LLM Red Teaming Pipeline
2026LLM Red Teaming Pipeline
A pipeline that automatically decomposes AI safety concerns into concrete failure modes, generates adversarial tests, and produces summaries that can be used to train lightweight classifiers. The classifiers act as a fast, cost-effective guardrail, allowing companies to mitigate risks quickly without retraining.
I became interested in LLM security after watching Nicholas Carlini's talk, Black-hat LLMs. While the talk focuses on using LLM's for non AI security applications, what stuck out to me was the growing automation capabilities of LLM. Just a couple years ago, I rememebr Jason Liu giving talks on instructor and how to get structored output. Now most LLM's are able to one shot complex problems and generate their findings clearly. This led me to reinvision projects like my SemEval 2025 submission and my use of LLM's for increasingly hard coding problems have shown me that LLM's are powerful. Additionally, I started to think about AutoML, but extended to full pipelines. Instead of just optimizing models, entire workflows can now be automated by AI.
Architecture
The idea is inspired by OBLITERATUS. I have been following Pliny the Prompter's work in X for a while and find his end prompts really interesting. However, I only started looking into the tools he uses.

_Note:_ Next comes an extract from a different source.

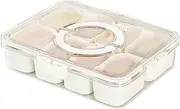 Food Storage Container,Snack Container Box,Multifunctional Fruit Food Container Box with 8 Compartments - Portable Snack Tray with Tap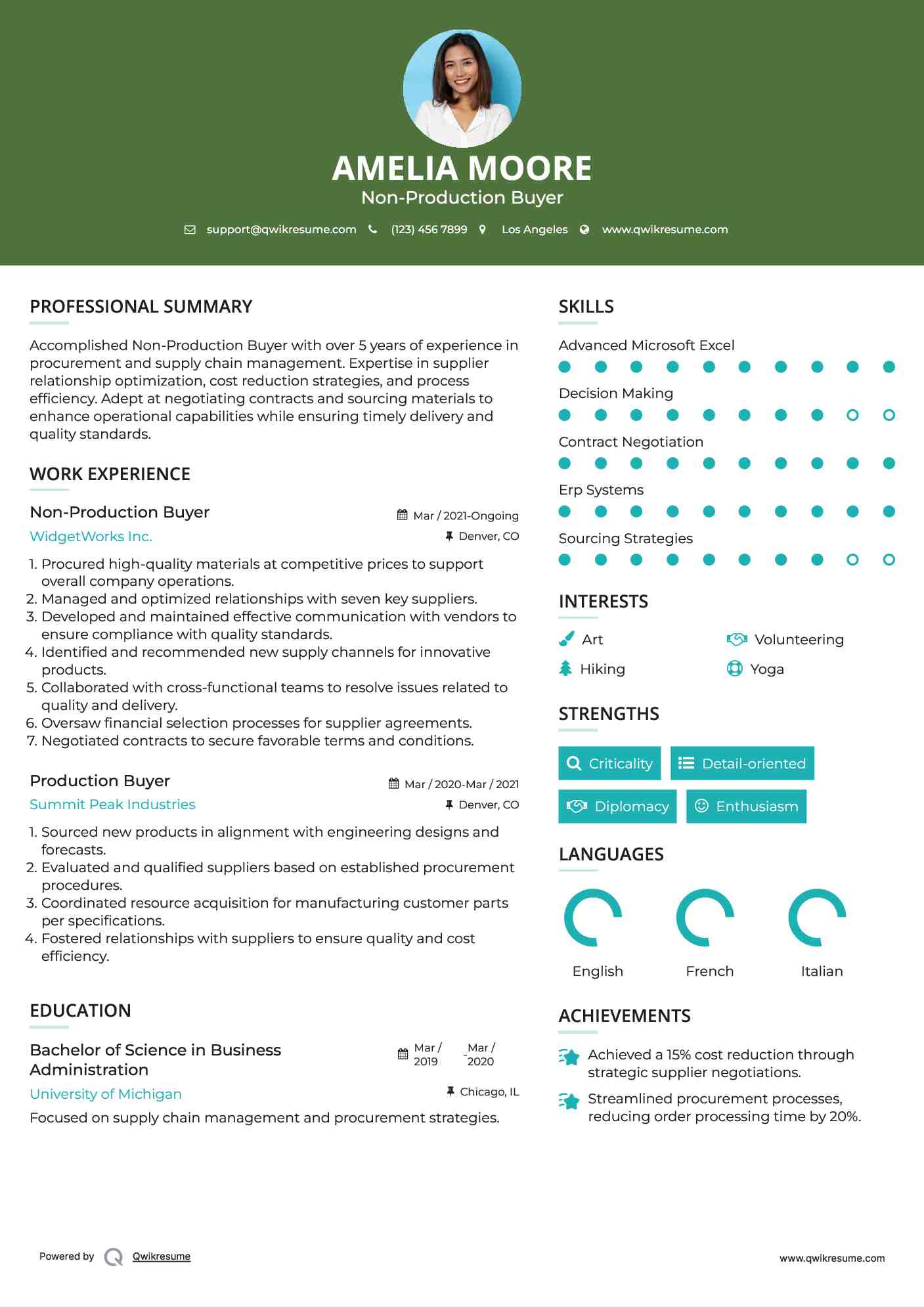 Non-Production Buyer
 Resume Format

Despite OBLITERATUS being a white box attack, I learned a lot about model jailbreaking from it. In my project, I implemented his chain of SUMMON, PROBE, DISTILL, EXCISE, VERIFY, and REBIRTH. I built upon this chain by adding a stage for generating novel prompts, another stage for building upon attacks, and replacing the retraining stage (REBIRTH) with a summary.
Future Work
The core functionality is in place, but there are several directions for improvement. I hope to take this project and apply the pipeline to real-world systems like customer support bots. I also plan on making a 'deep' version that leverages evolutionary algorithm, like the one used in HackEvolve, to generate more diverse and sophisticated attacks. Right now, the pipeline only iterates on promising attacks, but I want to make it so it can be run for days while still producing interesting results. Lastly, I want to be able to patch the model with the learnings. I had a logistic classifier using the examples as a quick safe guard. It worked, but it was very brittle is at only helped against a few examples.